# meals on the auto train



## granny1 (Sep 7, 2015)

This question for the experience riders of the auto train. Will be able to request our meals in our room instead of going to the diner, my husband can't walk long distance because of nerve problems in his legs, was just wondering what we had to do.. Thanks for the replys..


----------



## FormerOBS (Sep 7, 2015)

Virtually all Amtrak long distance trains have a significant number of riders who are up in years, because retirement is the time when people have the opportunity and the time to take these long trips. Unfortunately, physical problems often come along with retirement. Auto Train, in particular, has a very high proportion of retirees. Most of them go to the dining car for meals, but there is always a significant number who have to be served at their seats in the coach section, or in their rooms in the sleepers.

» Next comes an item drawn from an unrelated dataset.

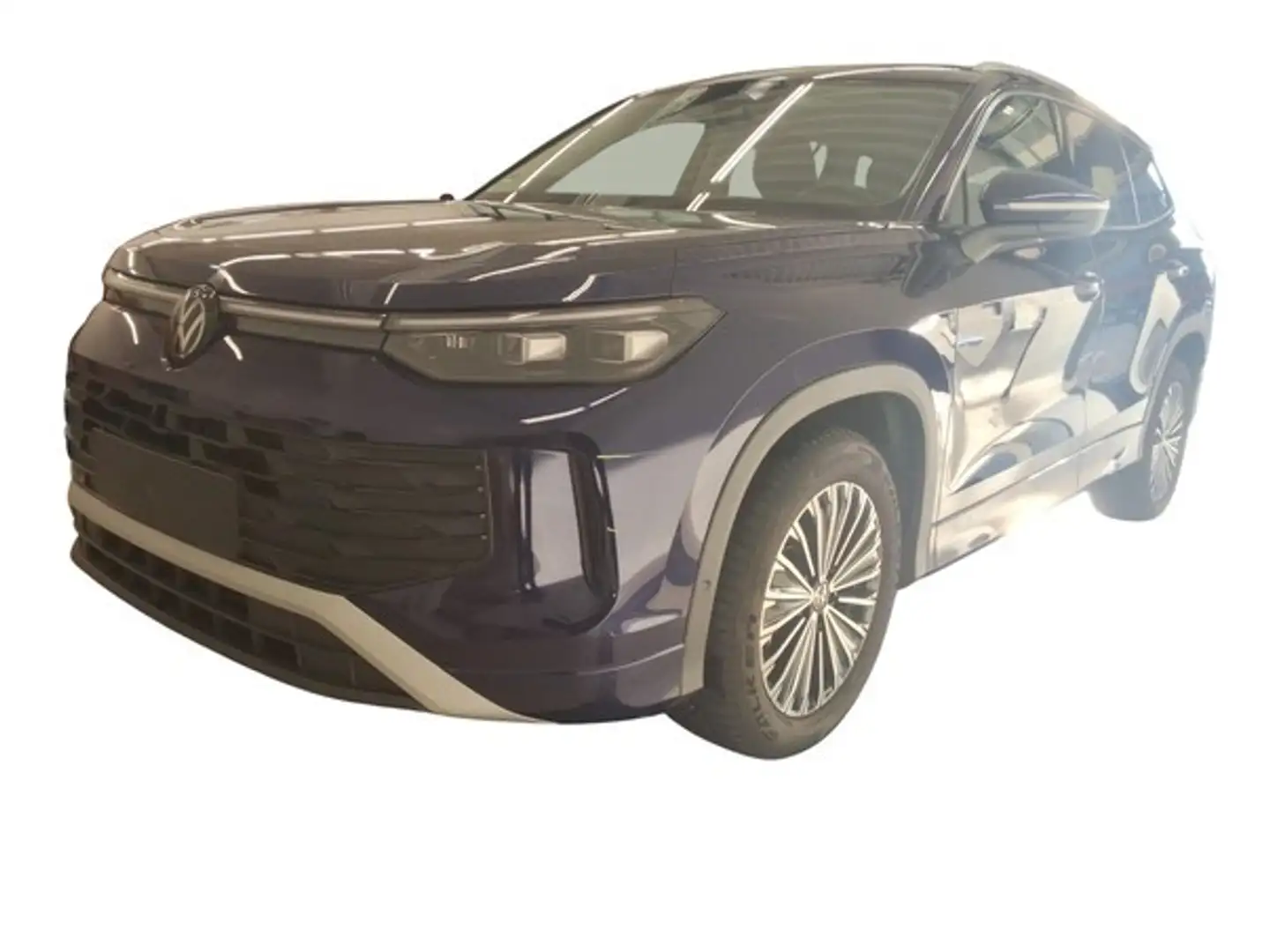 Volkswagen Tayron Life 2.0 TSI 4MOTION AHK/LED/Nav/05.30Gar Violett - 2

That's a long way of saying the Auto Train onboard service staff has been serving passengers with these special needs for years, and you should have no trouble getting your needs met. You said "in our room", so I assume you're traveling in a sleeper. You will have an opportunity to talk with your car attendant when you board, or shortly thereafter. You didn't mention whether your husband has trouble negotiating stairs in the Auto Train's double-deck Superliner cars. This could be another factor. Ask your attendant how far away the diner is. It might be right next door, or it might be as many as four cars away. When you talk with your attendant, you can agree on a mutually acceptable time for your meals (both dinner and breakfast), time for the attendant to put down the beds, etc. Your attendant will also be providing similar services for other passengers in your car. Good communication and timely notification can help the attendant to serve everybody better.

On the Auto Train, it's not at all unusual. It's just another day at the office.

Tom


----------



## FormerOBS (Sep 7, 2015)

If your husband uses a wheelchair, or if he needs a wheelchair to get from the station to your assigned railroad car (it's a L-O-N-G station platform), the ticket agents at the station can arrange for him to be wheeled to the train. At your destination, similar arrangements can be made for detraining. On the very rare occasions when Auto Train personnel fail to provide this kind of help, I believe it is almost always because the need was not explained to them. In the long run, an easier trip for you means an easier trip for the staff, and they know it.

Have a great trip, and tell them Tom said hello.

Tom


----------



## granny1 (Sep 8, 2015)

Thank you for you reply and we will talk to the attendant when we board Yes we are in a sleeper and if the dining car is close he could manage that but not sure if it's a long ways away. No not in a wheel chair and I know the attendents will take good care of us.. I will pass on the HELLO and Thanks again.


----------